Daily Mail

I ALWAYS LOVED YOU

D-Day veteran’s tender words to his French sweetheart... after 75 years of separation

- By David Wilkes

HE was a dashing GI, she a pretty French teenager from the village where his regiment was stationed.

Despite not speaking the same language, Kara Troy Robbins, then 24, and Jeannine Ganaye, 18, fell in love as war raged and the Allies advanced on Hitler’s forces.

But after just a few intense weeks in 1944 came heartbreak when he had to leave abruptly with his American comrades for the Eastern front. Yet Mr Robbins, known as KT, never forgot the sweetheart who had meant so much to him.

Returning to France for the commemorat­ive events marking the 75th anniversar­y of the D-Day landings, little did the 98-year-old American imagine that she was still alive, let alone that they might meet again, as he packed a photo of her, which he had kept, in his suitcase.

Yet to his astonishme­nt, after more than seven decades without contact, Mr Robbins was finally able to embrace her again thanks to the help of French journalist­s.

He told her the words he so longed to say and which she had waited to hear: ‘I always loved you, always. You never got out of my heart.’
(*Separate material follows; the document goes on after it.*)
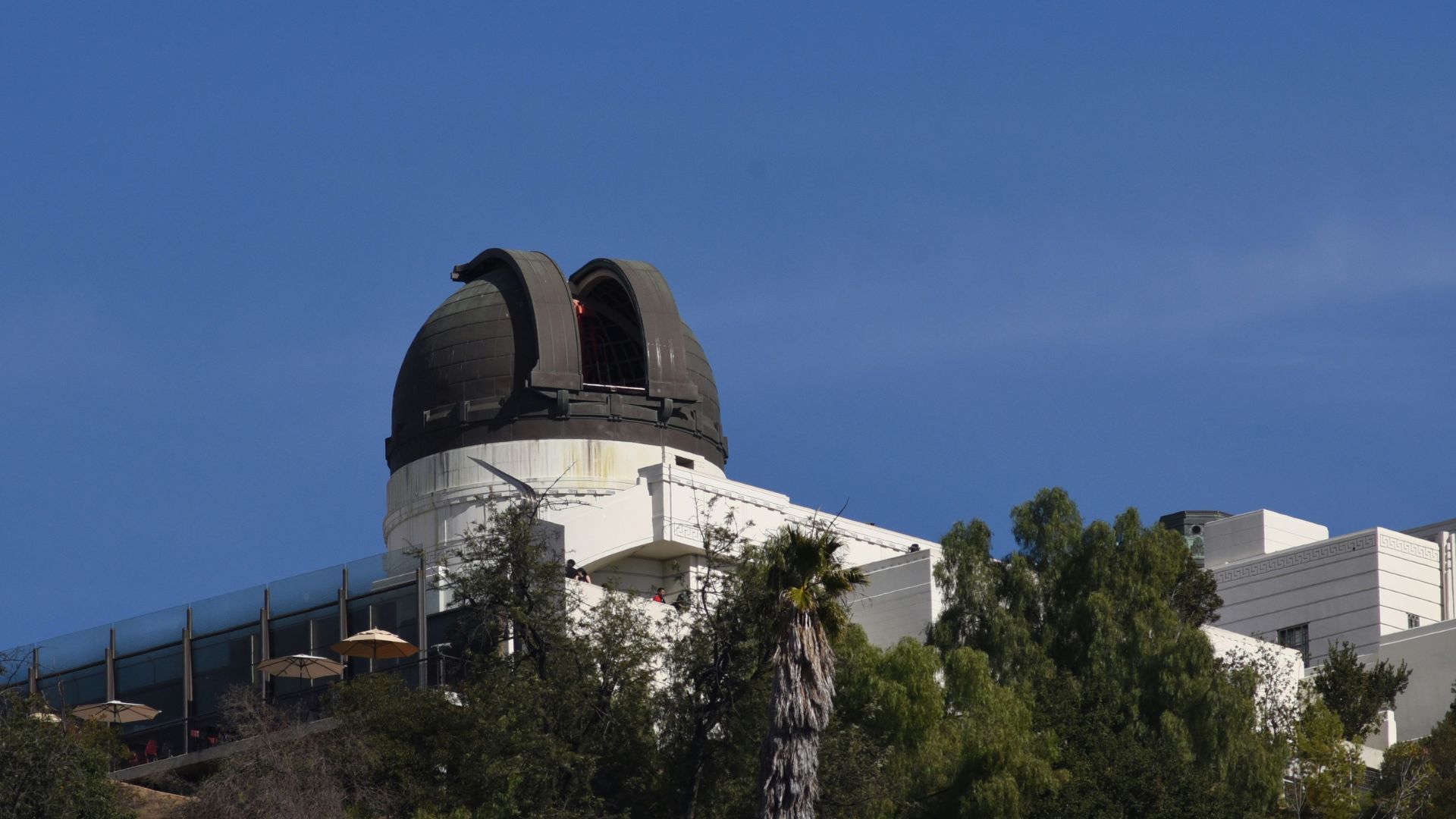 Large observatory telescope dome standing among trees under a dim sky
The old flames, who both went on to marry, have families in their respective countries and become widowed after the war, hugged and kissed at the retirement home where she, now Jeannine Pierson, lives in Montigny-les-Metz, in Moselle.

‘ It’s wonderful to see you again… I have tears in my eyes,’ he said in English as she reached out to hug him before showering him with kisses.
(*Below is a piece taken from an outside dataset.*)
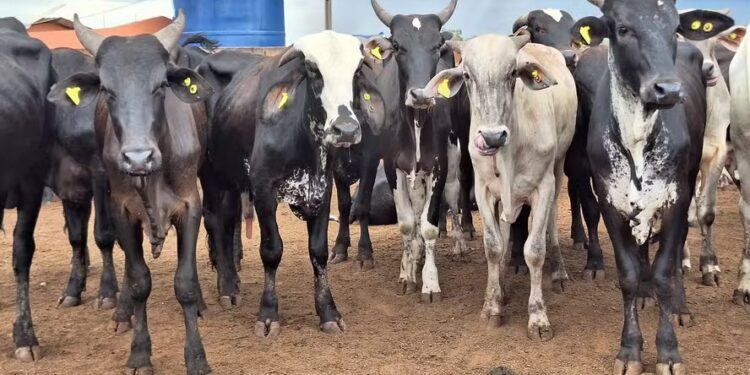 A pressão de baixa continua no mercado pecuário, afetando os preços e desacelerando os negócios — Foto: José Florentino/Globo Rural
Speaking in French, Mrs Pierson, 92, said: ‘He said he loves me. That, I understood. Me too – I always thought about him, saying to myself maybe he’s there, maybe he’ll come back.’
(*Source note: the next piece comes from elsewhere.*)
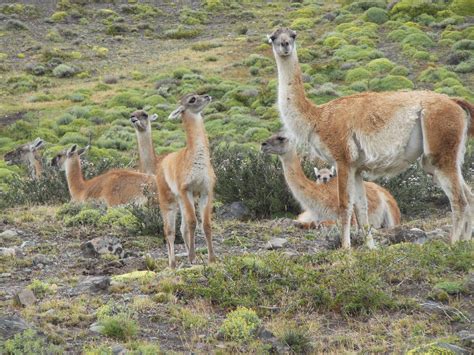 Guanacos's in Torres Del Paine National Park, Chile (Dec 31, 2014 ...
When he showed her the old picture of her wearing shorts, she said: ‘Wow!’ They clasped hands as they reminisced about the two months they had previously spent together in Briey, north-east France, 17 miles from her current home. Mrs Pierson, a mother of five, recalled: ‘When he left in the truck, I cried, of course, I was very sad. I wish after the war he hadn’t returned to America.’ Asked why he hadn’t visited sooner, Mr Robbins, from Olive Branch, Mississipp­i, said: ‘You know, when you get married, after that you can’t do it anymore.’

The pair enjoyed a few hours together before Mr Robbins had to travel to Normandy. As he got in his car, with tears welling, he said: ‘Jeannine, I love you, my darling.’ They have promised to meet again soon.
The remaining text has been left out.